**Activity:** Below is a listing. Quote from it, exactly, the lines from the one containing "Inca Ruins of Machu Picchu, Llama, Peru" down to the one containing "Cotonéaster horizontal", both ends included, and nothing else.

**Material supplied:**
==================================================

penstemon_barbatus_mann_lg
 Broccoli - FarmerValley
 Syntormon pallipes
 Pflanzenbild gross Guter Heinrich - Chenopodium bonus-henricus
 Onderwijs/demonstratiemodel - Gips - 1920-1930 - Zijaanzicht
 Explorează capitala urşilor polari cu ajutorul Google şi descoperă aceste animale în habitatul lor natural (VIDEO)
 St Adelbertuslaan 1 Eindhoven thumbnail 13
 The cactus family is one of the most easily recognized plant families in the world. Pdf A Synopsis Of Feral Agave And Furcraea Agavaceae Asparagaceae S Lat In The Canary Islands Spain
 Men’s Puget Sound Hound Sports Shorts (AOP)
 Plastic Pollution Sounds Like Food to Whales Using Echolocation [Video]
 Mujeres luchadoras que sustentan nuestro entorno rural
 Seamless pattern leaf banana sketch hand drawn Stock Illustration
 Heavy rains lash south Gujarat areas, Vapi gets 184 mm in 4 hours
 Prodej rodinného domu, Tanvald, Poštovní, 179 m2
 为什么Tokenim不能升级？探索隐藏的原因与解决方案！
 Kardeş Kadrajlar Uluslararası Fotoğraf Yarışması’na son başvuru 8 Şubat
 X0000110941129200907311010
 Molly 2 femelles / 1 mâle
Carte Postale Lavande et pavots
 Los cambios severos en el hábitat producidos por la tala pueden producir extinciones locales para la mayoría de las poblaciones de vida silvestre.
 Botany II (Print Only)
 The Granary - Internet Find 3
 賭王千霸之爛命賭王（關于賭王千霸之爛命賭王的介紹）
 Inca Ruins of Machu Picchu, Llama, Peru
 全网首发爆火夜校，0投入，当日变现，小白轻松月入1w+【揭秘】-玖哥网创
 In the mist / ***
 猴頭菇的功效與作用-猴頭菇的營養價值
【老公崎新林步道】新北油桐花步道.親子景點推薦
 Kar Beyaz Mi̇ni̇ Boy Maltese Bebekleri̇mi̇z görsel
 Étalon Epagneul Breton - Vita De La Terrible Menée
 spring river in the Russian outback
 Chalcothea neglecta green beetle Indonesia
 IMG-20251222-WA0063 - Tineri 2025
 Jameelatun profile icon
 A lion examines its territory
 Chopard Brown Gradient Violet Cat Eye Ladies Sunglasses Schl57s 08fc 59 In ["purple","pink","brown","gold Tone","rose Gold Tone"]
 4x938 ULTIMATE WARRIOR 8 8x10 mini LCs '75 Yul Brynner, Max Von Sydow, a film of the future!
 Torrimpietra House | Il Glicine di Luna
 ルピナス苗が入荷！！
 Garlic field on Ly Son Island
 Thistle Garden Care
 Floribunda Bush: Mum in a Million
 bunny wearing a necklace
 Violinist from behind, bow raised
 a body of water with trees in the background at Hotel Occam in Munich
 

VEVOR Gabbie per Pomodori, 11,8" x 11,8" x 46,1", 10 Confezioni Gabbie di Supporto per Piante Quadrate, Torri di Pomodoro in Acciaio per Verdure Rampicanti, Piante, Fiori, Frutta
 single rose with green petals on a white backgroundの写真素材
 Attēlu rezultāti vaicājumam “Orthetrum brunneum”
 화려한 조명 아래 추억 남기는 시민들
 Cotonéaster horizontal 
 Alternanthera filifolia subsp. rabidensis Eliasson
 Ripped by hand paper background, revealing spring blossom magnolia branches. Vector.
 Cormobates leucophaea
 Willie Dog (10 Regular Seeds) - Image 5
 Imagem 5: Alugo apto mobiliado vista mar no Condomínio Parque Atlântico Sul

==================================================

**Result of the task:**
 Inca Ruins of Machu Picchu, Llama, Peru
 全网首发爆火夜校，0投入，当日变现，小白轻松月入1w+【揭秘】-玖哥网创
 In the mist / ***
 猴頭菇的功效與作用-猴頭菇的營養價值
【老公崎新林步道】新北油桐花步道.親子景點推薦
 Kar Beyaz Mi̇ni̇ Boy Maltese Bebekleri̇mi̇z görsel
 Étalon Epagneul Breton - Vita De La Terrible Menée
 spring river in the Russian outback
 Chalcothea neglecta green beetle Indonesia
 IMG-20251222-WA0063 - Tineri 2025
 Jameelatun profile icon
 A lion examines its territory
 Chopard Brown Gradient Violet Cat Eye Ladies Sunglasses Schl57s 08fc 59 In ["purple","pink","brown","gold Tone","rose Gold Tone"]
 4x938 ULTIMATE WARRIOR 8 8x10 mini LCs '75 Yul Brynner, Max Von Sydow, a film of the future!
 Torrimpietra House | Il Glicine di Luna
 ルピナス苗が入荷！！
 Garlic field on Ly Son Island
 Thistle Garden Care
 Floribunda Bush: Mum in a Million
 bunny wearing a necklace
 Violinist from behind, bow raised
 a body of water with trees in the background at Hotel Occam in Munich
 

VEVOR Gabbie per Pomodori, 11,8" x 11,8" x 46,1", 10 Confezioni Gabbie di Supporto per Piante Quadrate, Torri di Pomodoro in Acciaio per Verdure Rampicanti, Piante, Fiori, Frutta
 single rose with green petals on a white backgroundの写真素材
 Attēlu rezultāti vaicājumam “Orthetrum brunneum”
 화려한 조명 아래 추억 남기는 시민들
 Cotonéaster horizontal 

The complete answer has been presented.